I jus finished reading freakonomics a day back...ohhh n i loved the book

Ive always wondered if Steven levitt could sort of get some freakonomics underlying rationale done for salaries of top Wall street banks headhonchos as compared to sportsstars and celebrities...jus find the topic very interesting

It may not be the right post 2 put my comment...but its a post on WSJ and i thought i might as well put it in here

yoshimi

this math seems very off to me. i would expect a news site to generate at least $5 to $10 per day. (i work in online advertising.)

yoshimi

per unique visitor, that is.

chimp

yoshimi, where is this $5-10 coming from if I don't spend that much across all news sites I visit? I don't think I am that unrepresentative.

Regardless, the logic of the article is pretty lame. No matter how little revenue online advertising generates, it is hard to believe it can't make up the difference of a few percentage points between the Little Rock paper and the Columbus paper.

jonathank

Assuming all the numbers are correct, then maybe this makes a case for localized subscriptions. I read the Detroit papers because I grew up there. I would never subscribe to them, either in print or online because I live many hundreds of miles away. If I lived in the Detroit area, I might stop subscribing if the paper were free online or if it were so much less costly that the benefits of the print edition - which include the full number of local store ads - don't outweigh the cost differential for me.

If the Columbus paper were able to charge people in its print market a fee, but not people outside its print market, then it might reap the benefits of ad revenues generated by the web edition without taking a hit on print subscriptions lost.

This is doable, but the usual subscription info now is wholly voluntary stuff you can lie about - your zip code is the typical identifier.

I would argue the local subscription model does what the web is meant to do: it encourages readership from outside your local area and encourages the paper to entice local readers to subscribe to the online edition by providing more local coverage on the web than it can put in print. The Detroit News, for example, is running a multimedia series on the history of the main street, Woodward Avenue. More of that kind of content would be encouraged by a local subscription model - and maybe that content could in part be provided by local partners.

Read more...

chesapean

Most striking to me is Hussman's statement that print readers seem to WANT the advertising in the content they purchase, whereas online readers seem to be averse to pop-ups and banner ads.

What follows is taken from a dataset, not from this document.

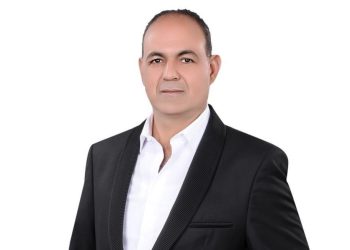 حمادة السقا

This tells me that print buyers regard advertising as "news," whereas online "news buyers" regard advertising as noise.

Perhaps both audiences are looking, in their own way, for the same thing: Useful data?

Bet there's a couple of successful business models somewhere in this: An advertiser-supported local web site that tells where ALL the weekend sales are; a pay-for-purchase newsprint daily that rational, curious people could believe in.

For my part, I buy a local paper every day ONLY for the editorials and the puzzles. As I grow older, I find the editorials becoming increasingly misinformed and smarmy. With the puzzles, at least, some days are better than others!